- What to do -
Without including any images, repeat the data exactly.

Records excerpted from a collection
"""
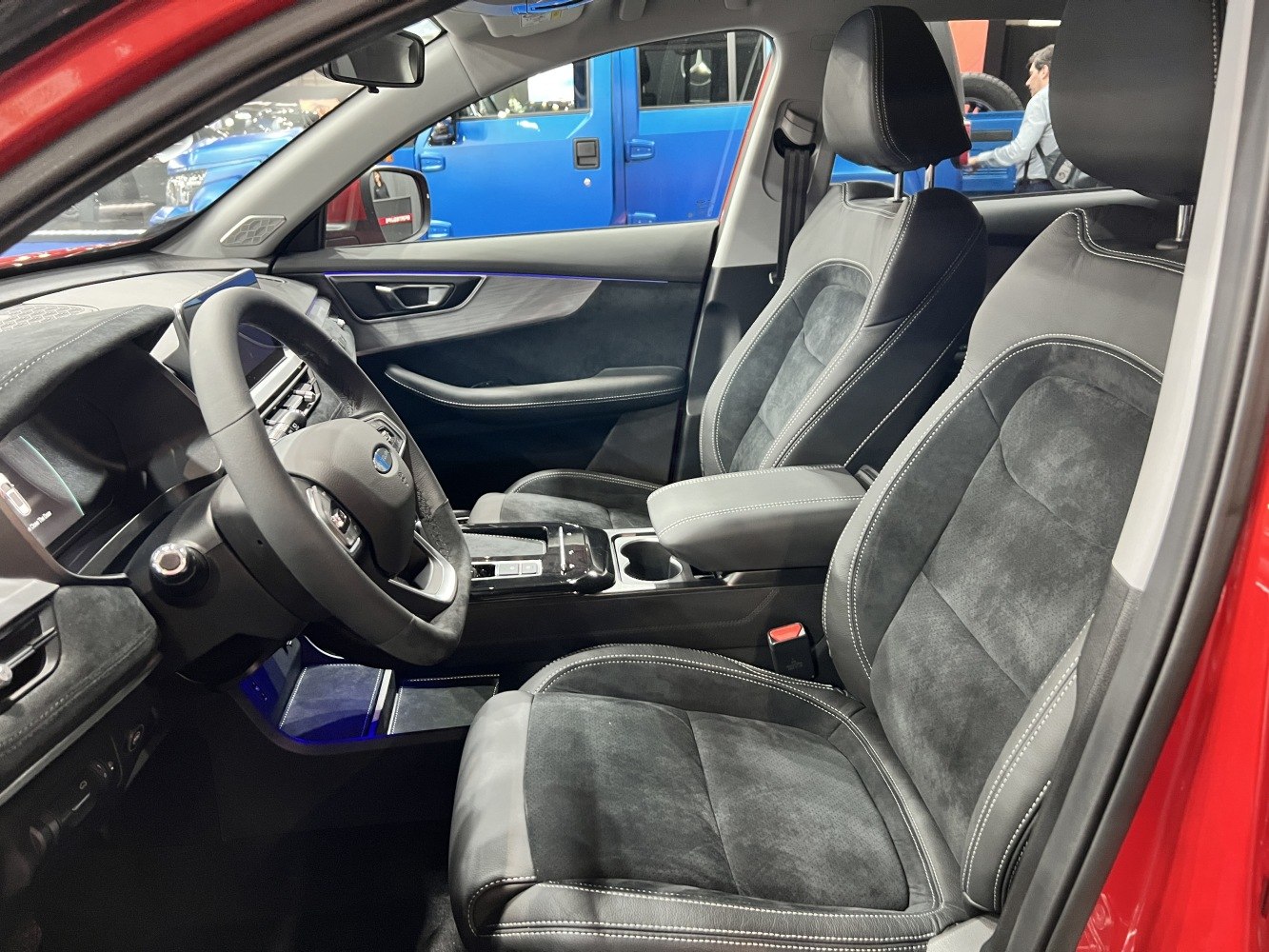 Luxury front seats and modern dashboard with steering wheel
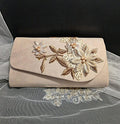 Beige clutch bag with floral embroidery on a black background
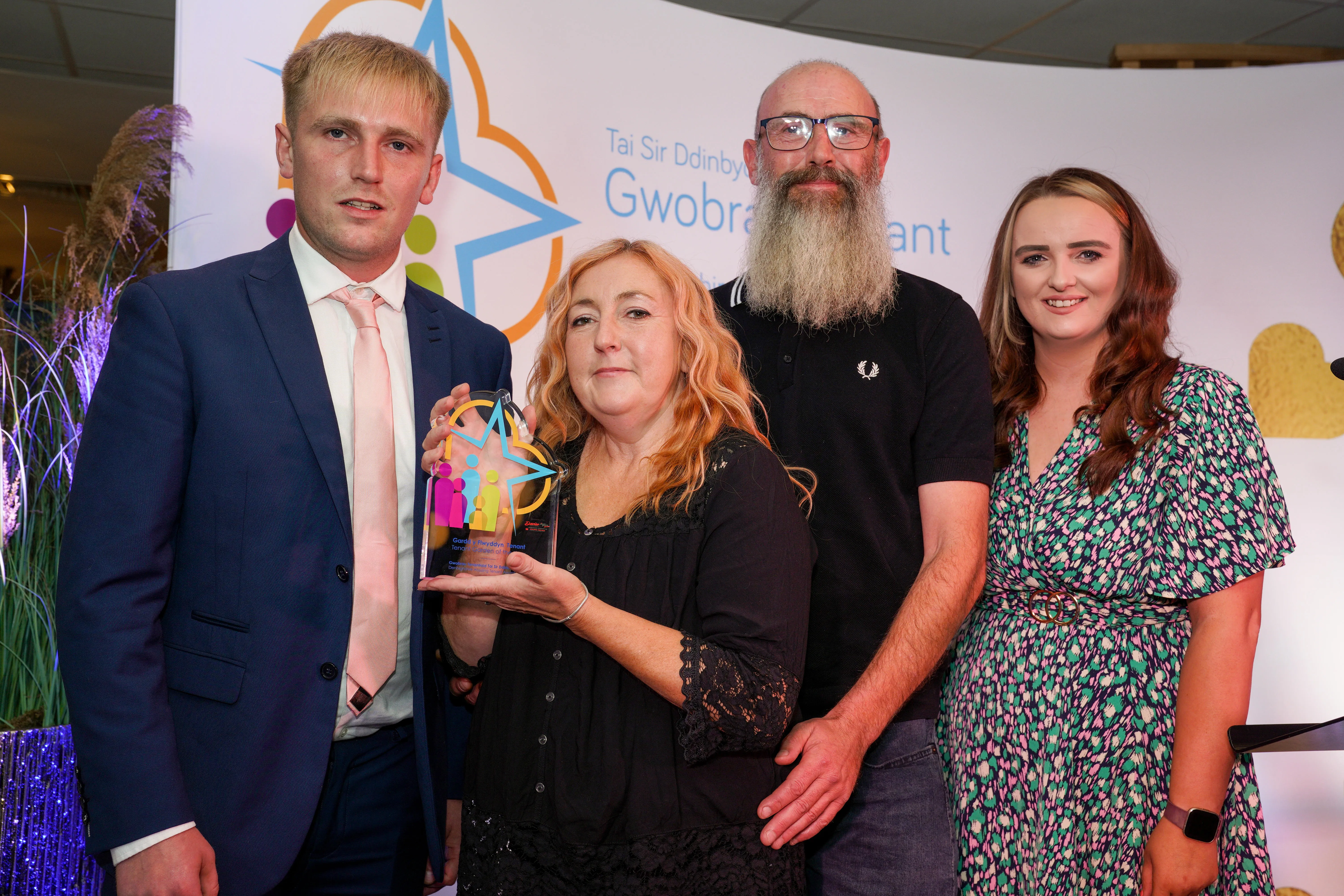 A group of people of various ages and genders stand together at an awards event.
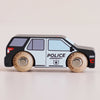 The No. 42 GT260 Liberty, made in England, is a classic American-style wooden toy police car with black and white colors and “POLICE EMERGENCY” printed on the side; it features sturdy wooden wheels and simple printed details—ideal for imaginative storytelling adventures.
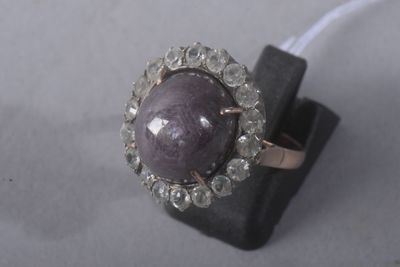 an image of a close up of a ring with a purple stone on it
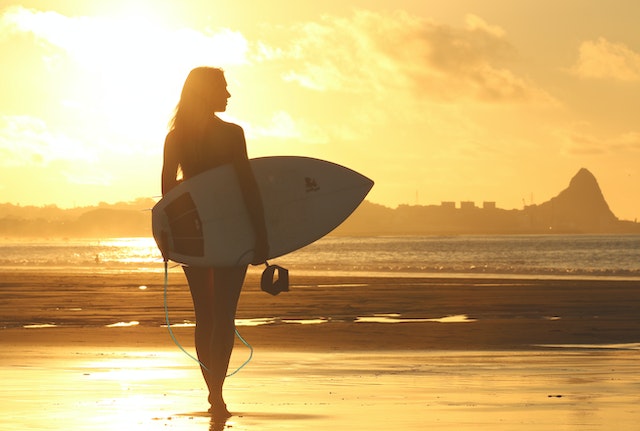 Woman carrying surfboards near seashore.
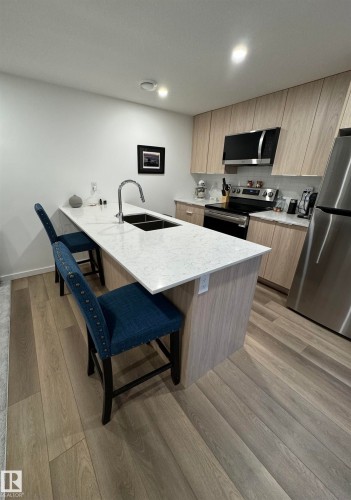 Modern kitchen featuring a central island with a double basin sink and a light-toned countertop - 8551 81 Avenue, Edmonton, AB 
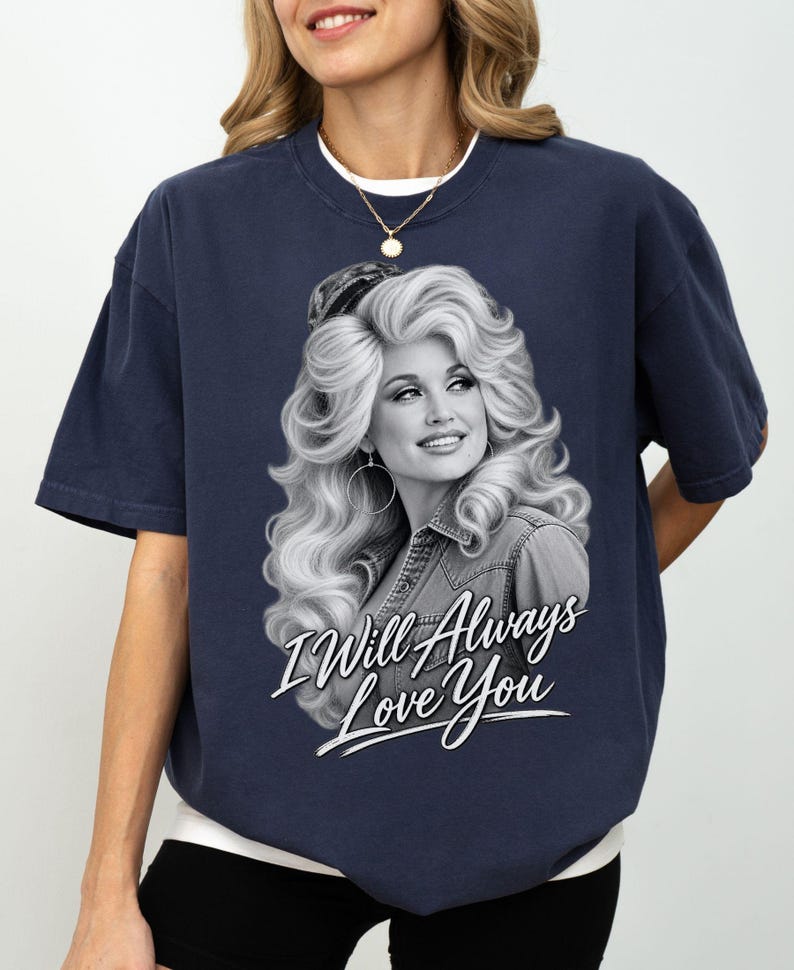 May include: A navy blue short-sleeve t-shirt featuring a black and white graphic print of a woman with voluminous hair wearing a denim jacket. Below the portrait, the text "I Will Always Love You" is printed in a white, stylized script font.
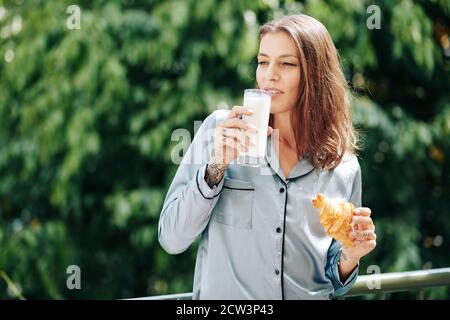 Donna con la colazione sul balcone Foto Stock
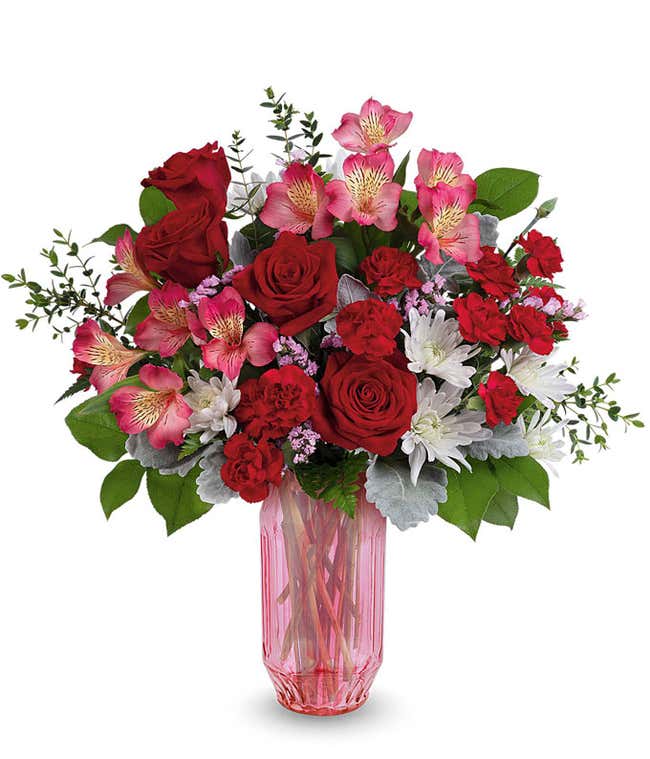 Valentine&rsquo;s Day floral arrangement featuring red roses, red carnations, pink alstroemeria, white cushion mums, and lush greenery arranged in a pink glass vase.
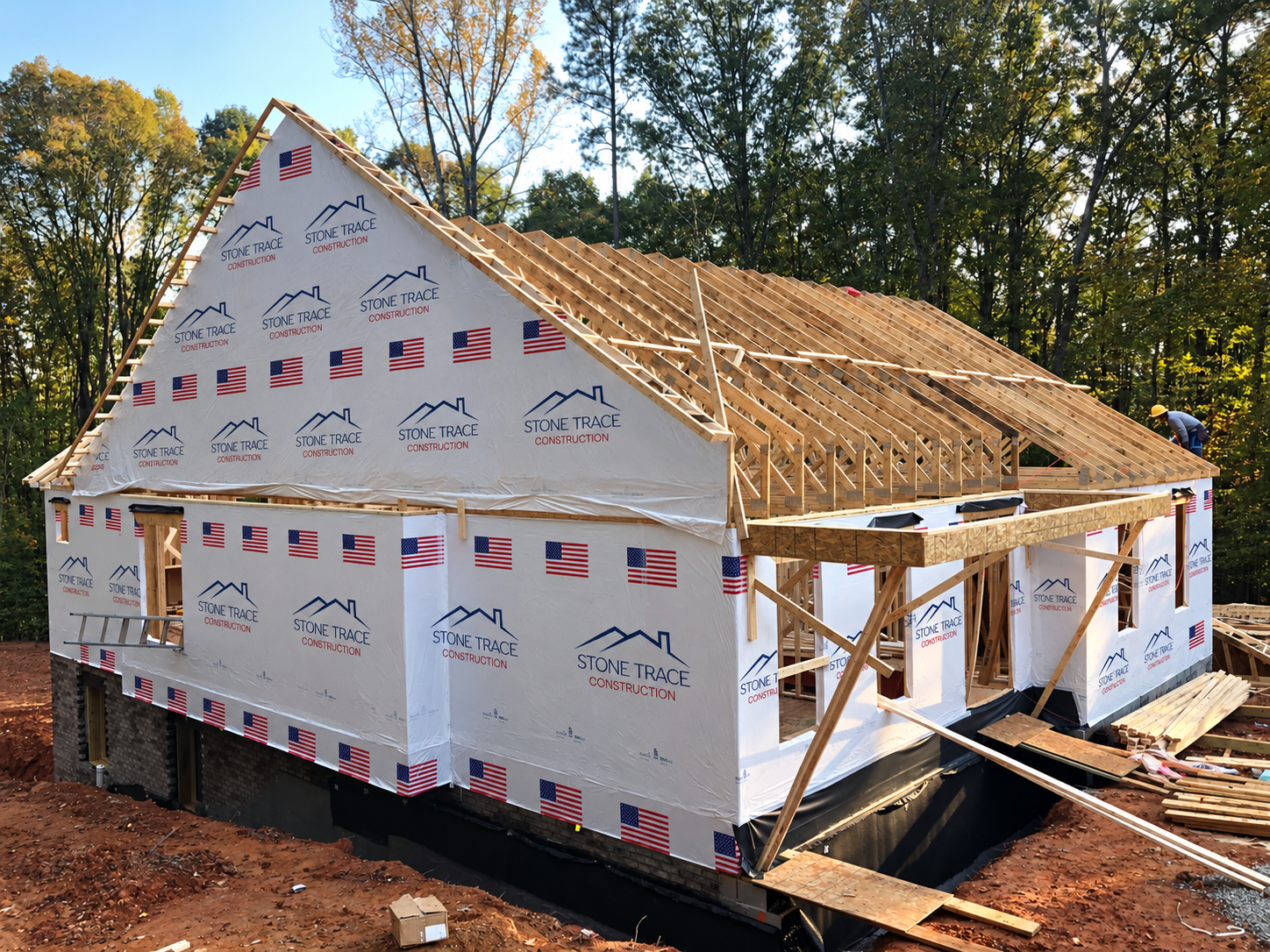 A house under construction with its wooden framework and roof support in place, surrounded by trees and construction materials.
"""
- Solved exercise -
 Luxury front seats and modern dashboard with steering wheel
 Beige clutch bag with floral embroidery on a black background
 A group of people of various ages and genders stand together at an awards event.
 The No. 42 GT260 Liberty, made in England, is a classic American-style wooden toy police car with black and white colors and “POLICE EMERGENCY” printed on the side; it features sturdy wooden wheels and simple printed details—ideal for imaginative storytelling adventures.
 an image of a close up of a ring with a purple stone on it
 Woman carrying surfboards near seashore.
 Modern kitchen featuring a central island with a double basin sink and a light-toned countertop - 8551 81 Avenue, Edmonton, AB 
 May include: A navy blue short-sleeve t-shirt featuring a black and white graphic print of a woman with voluminous hair wearing a denim jacket. Below the portrait, the text "I Will Always Love You" is printed in a white, stylized script font.
 Donna con la colazione sul balcone Foto Stock
 Valentine&rsquo;s Day floral arrangement featuring red roses, red carnations, pink alstroemeria, white cushion mums, and lush greenery arranged in a pink glass vase.
 A house under construction with its wooden framework and roof support in place, surrounded by trees and construction materials.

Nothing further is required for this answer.